PROBLEM REQUIREMENTS: Leave out all pictures and retype exactly the lines from the one with "ECU Control Module" through the last line of the material.

INPUT DATA:
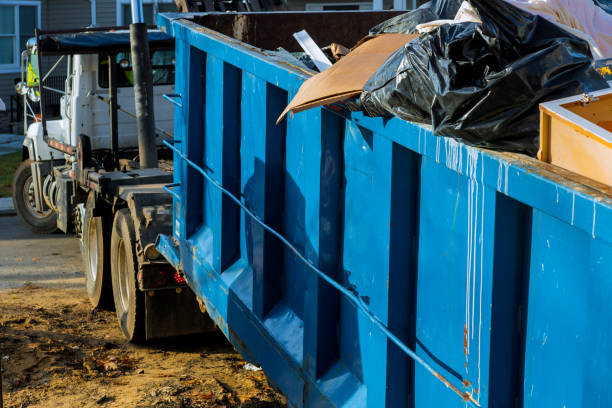 Donation Pickup Services in Lakehills, TX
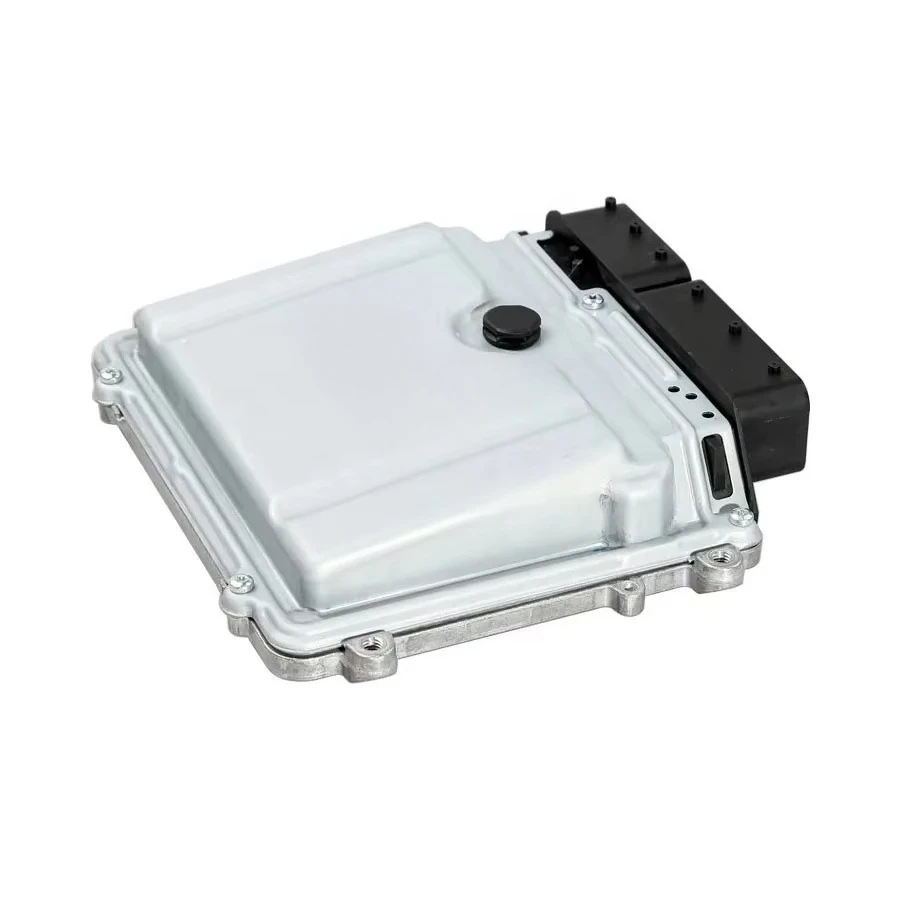 ECU Control Module 2731537079 2731538679  / Engine Control Unit for 274 271 276  M272 273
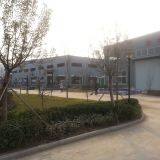 Luoyang Lever Industry Co.,LTD company overview - view 3 thumbnail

SOLUTION TO THIS EXERCISE:
 ECU Control Module 2731537079 2731538679  / Engine Control Unit for 274 271 276  M272 273
 Luoyang Lever Industry Co.,LTD company overview - view 3 thumbnail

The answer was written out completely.